1547810 - Get some kind of regular reporting of crash ping telemetry

Reporter

Description

•

6 years ago

We get way more reports in telemetry crash pings then we do crash reports. We should try to have some way of routinely looking at the telemetry results. This will be especially helpful for monitoring release 67.

Jeff Muizelaar [:jrmuizel]

Reporter

Updated

•

6 years ago

Blocks: wr-67

Priority: -- → P2

Marco Castelluccio [:marco]

Updated

•

6 years ago

Type: defect → task

Jeff Muizelaar [:jrmuizel]

Reporter

Updated

•

5 years ago

Blocks: wr-68
No longer blocks: wr-67

Darkspirit

Updated

•

5 years ago

Blocks: wr-telemetry

Jeff Muizelaar [:jrmuizel]

Reporter

Comment 1

•

5 years ago

Here's kat's databricks workbook: https://dbc-caf9527b-e073.cloud.databricks.com/#notebook/101076/command/101077

Jeff Muizelaar [:jrmuizel]

Reporter

Updated

•

5 years ago

Depends on: 1544246

Will Kahn-Greene [:willkg] ET needinfo? me

Comment 2

•

5 years ago

As an FYI: that workbook uses fx-crash-sig which is (as near as I can tell) unmaintained. It requires a really old version of the experimental signature generation library. That's one of the reasons it's seeing lots of GeckoCrash signatures.

If you're going to go this route, siggen and fx-crash-sig will need updates and active maintenance.
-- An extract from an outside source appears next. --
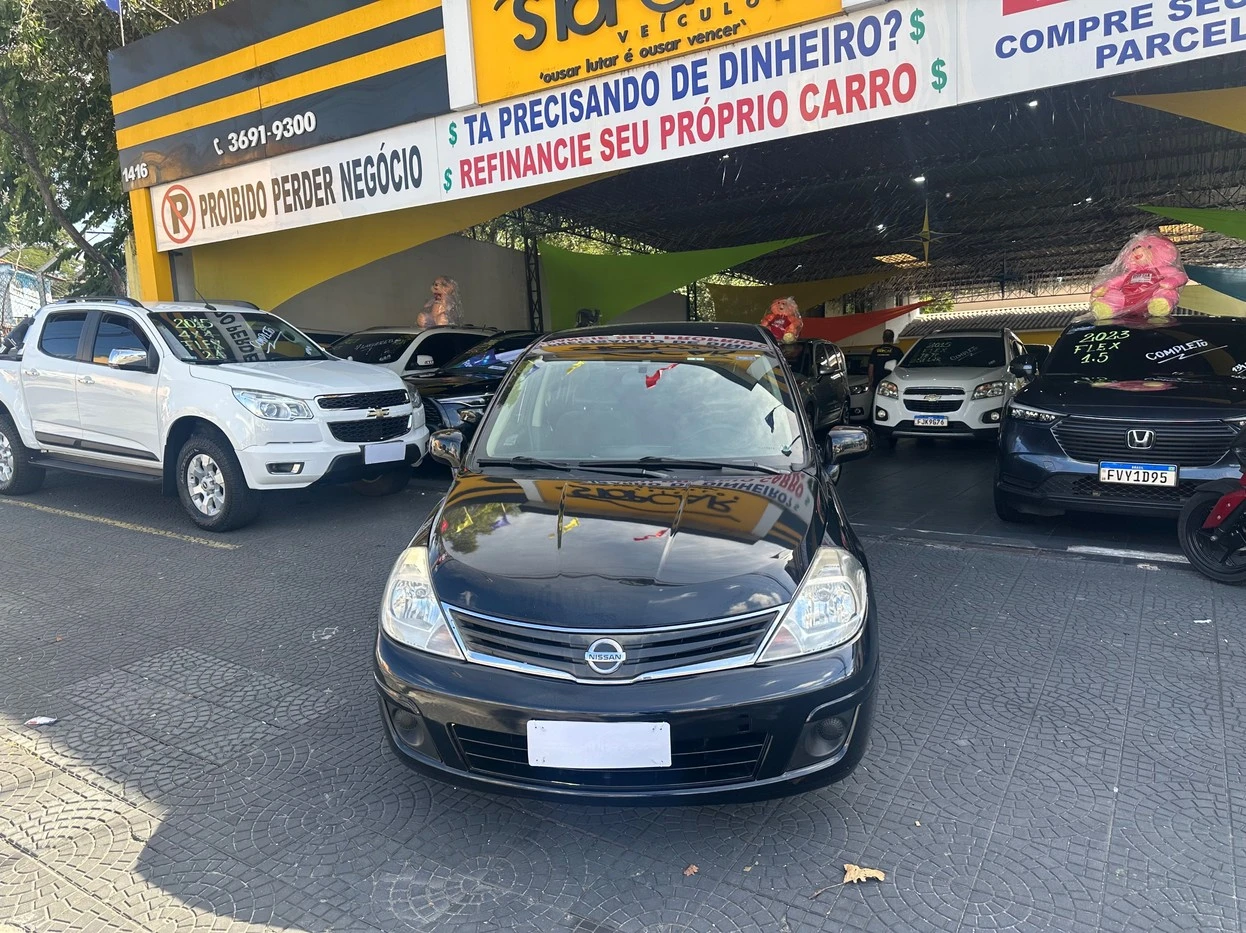 NISSAN TIIDA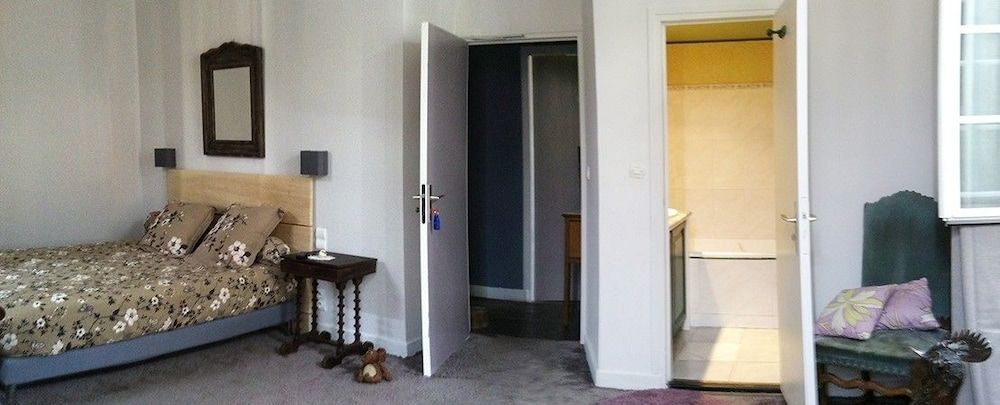 Auberge du Puits Superior Double Room, Ensuite, City View 2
Jeff Muizelaar [:jrmuizel]

Reporter

Updated

•

5 years ago

Depends on: 1553671

Jeff Muizelaar [:jrmuizel]

Reporter

Updated

•

5 years ago

Blocks: wr-70
No longer blocks: wr-68

Jeff Muizelaar [:jrmuizel]

Reporter

Updated

•

5 years ago

Blocks: wr-71
No longer blocks: wr-70

William Lachance (:wlach)

Comment 3

•

5 years ago

Some new possibilities have opened up here with the new telemetry.crash dataset: https://mail.mozilla.org/pipermail/fx-data-dev/2019-October/000269.html

siggen and fx-crash-sig would need to be rewritten to use this new dataset, but getting the actual crash data should be much easier and faster than it was previously.

Will Kahn-Greene [:willkg] ET needinfo? me

Comment 4

•

5 years ago

How do siggen and fx-crash-sig need to be rewritten?

William Lachance (:wlach)

Comment 5

•

5 years ago

(In reply to Will Kahn-Greene [:willkg] ET needinfo? me from comment #4)

How do siggen and fx-crash-sig need to be rewritten?

Perhaps "rewritten" is the wrong way of phrasing this. They would need to process the crash payload as it appears in the telemetry.crash dataset, which I think might be a bit different from how you would have fetched it via (e.g.) the python_moztelemetry API.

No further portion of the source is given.